Forse varrebbe la pena che il Prefetto della Segreteria per la Comunicazione della Santa Sede se lo andasse a leggere (o rileggere). Sembra che Papa Francesco – descrivendo la logica delle «fake news» – avesse come modello ispiratore quanto accaduto in quella occasione.
Leggiamo il cuore del messaggio:
Fake news è un termine discusso e oggetto di dibattito. Generalmente riguarda la disinformazione diffusa online o nei media tradizionali. Con questa espressione ci si riferisce dunque a informazioni infondate, basate su dati inesistenti o distorti e mirate a ingannare e persino a manipolare il lettore. La loro diffusione può rispondere a obiettivi voluti, influenzare le scelte politiche e favorire ricavi economici.

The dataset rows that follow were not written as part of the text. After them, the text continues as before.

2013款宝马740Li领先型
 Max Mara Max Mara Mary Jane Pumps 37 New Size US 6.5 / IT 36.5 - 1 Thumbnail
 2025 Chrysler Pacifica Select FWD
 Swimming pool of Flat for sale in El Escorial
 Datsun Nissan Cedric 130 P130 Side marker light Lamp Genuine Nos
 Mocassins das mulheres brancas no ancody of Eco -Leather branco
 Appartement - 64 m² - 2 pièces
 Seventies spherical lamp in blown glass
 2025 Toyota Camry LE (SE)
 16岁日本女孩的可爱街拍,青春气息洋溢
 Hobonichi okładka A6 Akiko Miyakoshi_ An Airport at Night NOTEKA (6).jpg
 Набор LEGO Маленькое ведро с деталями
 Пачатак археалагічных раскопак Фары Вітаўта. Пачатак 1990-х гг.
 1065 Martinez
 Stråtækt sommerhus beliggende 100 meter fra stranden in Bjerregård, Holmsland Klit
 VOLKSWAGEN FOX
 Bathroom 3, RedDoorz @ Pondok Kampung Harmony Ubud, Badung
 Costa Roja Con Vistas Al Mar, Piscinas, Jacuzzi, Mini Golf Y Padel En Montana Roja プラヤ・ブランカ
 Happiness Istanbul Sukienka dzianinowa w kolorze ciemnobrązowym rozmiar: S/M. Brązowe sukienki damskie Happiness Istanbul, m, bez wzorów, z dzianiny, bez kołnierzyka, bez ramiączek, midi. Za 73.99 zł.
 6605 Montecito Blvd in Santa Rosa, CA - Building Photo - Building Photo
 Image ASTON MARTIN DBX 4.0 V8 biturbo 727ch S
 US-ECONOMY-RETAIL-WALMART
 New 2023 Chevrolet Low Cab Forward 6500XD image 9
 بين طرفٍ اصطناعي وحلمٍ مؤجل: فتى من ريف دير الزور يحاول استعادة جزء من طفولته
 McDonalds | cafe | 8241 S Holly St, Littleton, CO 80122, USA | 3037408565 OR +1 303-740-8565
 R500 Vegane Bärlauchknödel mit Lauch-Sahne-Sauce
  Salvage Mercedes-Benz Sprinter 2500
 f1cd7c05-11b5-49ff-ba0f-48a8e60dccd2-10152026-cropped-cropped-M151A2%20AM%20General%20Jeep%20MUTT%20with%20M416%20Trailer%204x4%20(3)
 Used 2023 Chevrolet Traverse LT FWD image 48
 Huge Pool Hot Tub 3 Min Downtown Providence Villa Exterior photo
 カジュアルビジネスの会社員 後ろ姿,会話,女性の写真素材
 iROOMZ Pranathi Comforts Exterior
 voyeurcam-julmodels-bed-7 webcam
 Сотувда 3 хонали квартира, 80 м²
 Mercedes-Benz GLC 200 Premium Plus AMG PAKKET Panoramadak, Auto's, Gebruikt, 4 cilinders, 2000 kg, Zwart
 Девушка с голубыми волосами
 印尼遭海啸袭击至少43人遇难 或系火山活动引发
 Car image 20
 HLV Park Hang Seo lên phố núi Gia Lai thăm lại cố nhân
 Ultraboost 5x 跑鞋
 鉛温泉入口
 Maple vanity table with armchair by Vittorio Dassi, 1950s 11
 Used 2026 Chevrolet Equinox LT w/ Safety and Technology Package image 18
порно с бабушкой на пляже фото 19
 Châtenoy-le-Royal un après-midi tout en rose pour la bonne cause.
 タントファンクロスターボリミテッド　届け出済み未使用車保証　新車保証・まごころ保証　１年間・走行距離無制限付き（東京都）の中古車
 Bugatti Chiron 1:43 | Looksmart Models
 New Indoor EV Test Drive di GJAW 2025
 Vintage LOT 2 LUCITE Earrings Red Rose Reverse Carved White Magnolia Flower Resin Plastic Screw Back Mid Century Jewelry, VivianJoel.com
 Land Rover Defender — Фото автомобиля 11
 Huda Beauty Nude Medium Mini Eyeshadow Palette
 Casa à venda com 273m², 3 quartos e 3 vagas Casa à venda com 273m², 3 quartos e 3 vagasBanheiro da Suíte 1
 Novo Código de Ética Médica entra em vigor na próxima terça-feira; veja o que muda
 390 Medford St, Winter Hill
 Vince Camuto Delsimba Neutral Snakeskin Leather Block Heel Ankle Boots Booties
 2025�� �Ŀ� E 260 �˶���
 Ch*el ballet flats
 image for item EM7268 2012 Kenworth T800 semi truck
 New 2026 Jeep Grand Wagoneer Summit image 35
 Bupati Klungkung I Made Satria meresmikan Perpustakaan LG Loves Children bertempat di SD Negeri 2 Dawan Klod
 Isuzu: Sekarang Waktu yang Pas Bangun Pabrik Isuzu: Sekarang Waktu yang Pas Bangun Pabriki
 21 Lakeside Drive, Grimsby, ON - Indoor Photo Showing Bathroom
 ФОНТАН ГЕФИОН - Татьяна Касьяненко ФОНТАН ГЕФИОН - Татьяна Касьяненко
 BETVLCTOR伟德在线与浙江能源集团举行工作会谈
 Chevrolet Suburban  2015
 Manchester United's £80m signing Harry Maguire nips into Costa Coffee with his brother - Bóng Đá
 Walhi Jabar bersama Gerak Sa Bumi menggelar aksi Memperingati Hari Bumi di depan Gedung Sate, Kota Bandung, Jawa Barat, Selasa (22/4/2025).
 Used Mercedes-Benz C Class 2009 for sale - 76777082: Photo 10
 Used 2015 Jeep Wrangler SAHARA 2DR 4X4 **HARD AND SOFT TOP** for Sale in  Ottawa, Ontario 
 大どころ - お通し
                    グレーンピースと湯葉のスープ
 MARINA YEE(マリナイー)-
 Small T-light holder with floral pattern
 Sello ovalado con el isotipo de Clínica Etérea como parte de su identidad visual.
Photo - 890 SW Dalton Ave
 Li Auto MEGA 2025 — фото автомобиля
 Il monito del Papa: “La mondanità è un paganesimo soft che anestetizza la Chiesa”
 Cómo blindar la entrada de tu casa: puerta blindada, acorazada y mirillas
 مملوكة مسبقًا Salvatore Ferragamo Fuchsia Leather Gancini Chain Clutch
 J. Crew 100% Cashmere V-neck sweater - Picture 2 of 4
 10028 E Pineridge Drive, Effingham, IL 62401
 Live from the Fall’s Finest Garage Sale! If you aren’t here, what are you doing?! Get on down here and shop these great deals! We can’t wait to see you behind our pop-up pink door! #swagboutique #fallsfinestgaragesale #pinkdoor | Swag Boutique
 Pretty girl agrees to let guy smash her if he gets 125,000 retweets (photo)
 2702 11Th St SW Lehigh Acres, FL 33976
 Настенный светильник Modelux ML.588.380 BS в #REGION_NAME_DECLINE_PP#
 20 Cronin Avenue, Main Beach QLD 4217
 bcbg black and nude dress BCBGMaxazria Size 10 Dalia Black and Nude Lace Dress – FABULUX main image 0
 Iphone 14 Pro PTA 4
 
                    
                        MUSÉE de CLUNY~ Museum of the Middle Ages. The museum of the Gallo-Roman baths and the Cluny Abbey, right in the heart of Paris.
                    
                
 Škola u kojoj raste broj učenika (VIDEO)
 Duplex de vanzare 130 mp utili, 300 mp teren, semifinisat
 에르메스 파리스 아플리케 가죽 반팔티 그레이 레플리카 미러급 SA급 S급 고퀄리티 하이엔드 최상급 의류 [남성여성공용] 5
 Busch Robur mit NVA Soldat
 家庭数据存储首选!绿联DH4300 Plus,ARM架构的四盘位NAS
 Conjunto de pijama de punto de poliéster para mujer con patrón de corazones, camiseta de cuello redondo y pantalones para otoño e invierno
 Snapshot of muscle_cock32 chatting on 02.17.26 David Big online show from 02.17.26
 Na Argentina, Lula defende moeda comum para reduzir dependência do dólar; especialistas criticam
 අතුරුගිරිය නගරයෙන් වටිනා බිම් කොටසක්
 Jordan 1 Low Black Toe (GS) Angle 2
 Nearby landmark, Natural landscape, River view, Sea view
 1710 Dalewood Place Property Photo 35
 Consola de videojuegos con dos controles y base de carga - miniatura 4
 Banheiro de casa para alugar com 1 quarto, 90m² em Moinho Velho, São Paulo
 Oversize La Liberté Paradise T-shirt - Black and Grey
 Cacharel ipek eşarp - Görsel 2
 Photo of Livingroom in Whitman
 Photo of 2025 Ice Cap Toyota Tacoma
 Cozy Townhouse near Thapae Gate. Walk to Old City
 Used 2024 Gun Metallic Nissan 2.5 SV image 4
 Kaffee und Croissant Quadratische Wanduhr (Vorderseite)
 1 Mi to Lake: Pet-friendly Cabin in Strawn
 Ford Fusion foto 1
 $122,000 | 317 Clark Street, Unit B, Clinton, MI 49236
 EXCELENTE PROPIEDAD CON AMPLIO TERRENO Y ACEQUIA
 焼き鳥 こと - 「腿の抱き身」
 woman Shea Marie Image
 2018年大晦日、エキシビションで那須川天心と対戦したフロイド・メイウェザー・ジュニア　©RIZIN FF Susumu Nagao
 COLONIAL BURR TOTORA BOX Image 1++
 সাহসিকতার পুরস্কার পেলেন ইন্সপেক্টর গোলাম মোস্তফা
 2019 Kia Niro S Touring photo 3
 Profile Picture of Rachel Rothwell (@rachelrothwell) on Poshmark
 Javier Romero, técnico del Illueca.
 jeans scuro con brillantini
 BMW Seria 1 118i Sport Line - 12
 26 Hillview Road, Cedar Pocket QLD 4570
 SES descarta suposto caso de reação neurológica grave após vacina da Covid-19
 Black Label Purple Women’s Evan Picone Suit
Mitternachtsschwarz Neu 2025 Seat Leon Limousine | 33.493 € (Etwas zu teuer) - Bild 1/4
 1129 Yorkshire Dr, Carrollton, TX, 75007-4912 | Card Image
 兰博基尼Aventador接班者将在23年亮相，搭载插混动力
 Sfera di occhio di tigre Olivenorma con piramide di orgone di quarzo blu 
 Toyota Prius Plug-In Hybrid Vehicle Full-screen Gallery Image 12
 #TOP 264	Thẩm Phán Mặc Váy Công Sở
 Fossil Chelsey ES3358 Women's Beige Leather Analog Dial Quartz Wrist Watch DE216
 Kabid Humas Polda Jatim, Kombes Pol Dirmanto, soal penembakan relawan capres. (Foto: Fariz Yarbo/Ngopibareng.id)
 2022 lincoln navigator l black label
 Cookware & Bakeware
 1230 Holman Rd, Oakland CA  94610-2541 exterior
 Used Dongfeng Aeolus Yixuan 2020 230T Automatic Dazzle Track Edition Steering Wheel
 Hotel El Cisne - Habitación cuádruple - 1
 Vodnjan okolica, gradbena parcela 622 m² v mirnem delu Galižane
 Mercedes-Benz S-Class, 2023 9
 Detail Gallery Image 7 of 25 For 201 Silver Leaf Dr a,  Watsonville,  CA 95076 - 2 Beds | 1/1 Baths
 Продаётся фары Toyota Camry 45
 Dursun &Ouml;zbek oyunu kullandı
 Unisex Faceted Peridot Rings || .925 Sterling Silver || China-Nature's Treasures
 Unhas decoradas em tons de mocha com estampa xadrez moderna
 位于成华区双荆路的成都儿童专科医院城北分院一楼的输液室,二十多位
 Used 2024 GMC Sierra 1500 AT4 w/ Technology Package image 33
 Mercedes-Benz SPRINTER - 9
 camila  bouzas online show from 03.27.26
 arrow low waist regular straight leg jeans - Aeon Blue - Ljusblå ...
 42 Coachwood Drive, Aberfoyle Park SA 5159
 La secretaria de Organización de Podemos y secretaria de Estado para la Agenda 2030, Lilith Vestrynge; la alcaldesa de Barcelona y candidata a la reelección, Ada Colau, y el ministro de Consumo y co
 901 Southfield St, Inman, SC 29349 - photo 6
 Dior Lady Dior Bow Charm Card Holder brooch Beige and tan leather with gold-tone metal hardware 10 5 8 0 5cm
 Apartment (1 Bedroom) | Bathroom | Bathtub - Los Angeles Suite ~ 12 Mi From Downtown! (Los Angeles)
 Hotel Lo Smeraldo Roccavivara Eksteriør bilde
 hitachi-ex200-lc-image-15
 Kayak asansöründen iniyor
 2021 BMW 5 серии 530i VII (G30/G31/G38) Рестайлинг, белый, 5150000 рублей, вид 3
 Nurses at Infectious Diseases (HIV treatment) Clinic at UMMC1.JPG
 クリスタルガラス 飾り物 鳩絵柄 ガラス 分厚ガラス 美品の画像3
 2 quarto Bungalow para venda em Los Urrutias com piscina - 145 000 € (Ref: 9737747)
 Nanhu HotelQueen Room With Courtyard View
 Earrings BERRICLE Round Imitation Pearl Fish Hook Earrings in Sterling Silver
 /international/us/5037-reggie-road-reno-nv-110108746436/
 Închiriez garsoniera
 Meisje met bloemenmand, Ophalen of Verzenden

L’efficacia delle fake news è dovuta in primo luogo alla loro natura mimetica, cioè alla capacità di apparire plausibili. In secondo luogo, queste notizie, false ma verosimili, sono capziose, nel senso che sono abili a catturare l’attenzione dei destinatari, facendo leva su stereotipi e pregiudizi diffusi all’interno di un tessuto sociale, sfruttando emozioni facili e immediate da suscitare, quali l’ansia, il disprezzo, la rabbia e la frustrazione. La loro diffusione può contare su un uso manipolatorio dei social network e delle logiche che ne garantiscono il funzionamento: in questo modo i contenuti, pur privi di fondamento, guadagnano una tale visibilità che persino le smentite autorevoli difficilmente riescono ad arginarne i danni.
La difficoltà a svelare e a sradicare le fake news è dovuta anche al fatto che le persone interagiscono spesso all’interno di ambienti digitali omogenei e impermeabili a prospettive e opinioni divergenti. L’esito di questa logica della disinformazione è che, anziché avere un sano confronto con altre fonti di informazione, la qual cosa potrebbe mettere positivamente in discussione i pregiudizi e aprire a un dialogo costruttivo, si rischia di diventare involontari attori nel diffondere opinioni faziose e infondate. Il dramma della disinformazione è lo screditamento dell’altro, la sua rappresentazione come nemico, fino a una demonizzazione che può fomentare conflitti. Le notizie false rivelano così la presenza di atteggiamenti al tempo stesso intolleranti e ipersensibili, con il solo esito che l’arroganza e l’odio rischiano di dilagare. A ciò conduce, in ultima analisi, la falsità.»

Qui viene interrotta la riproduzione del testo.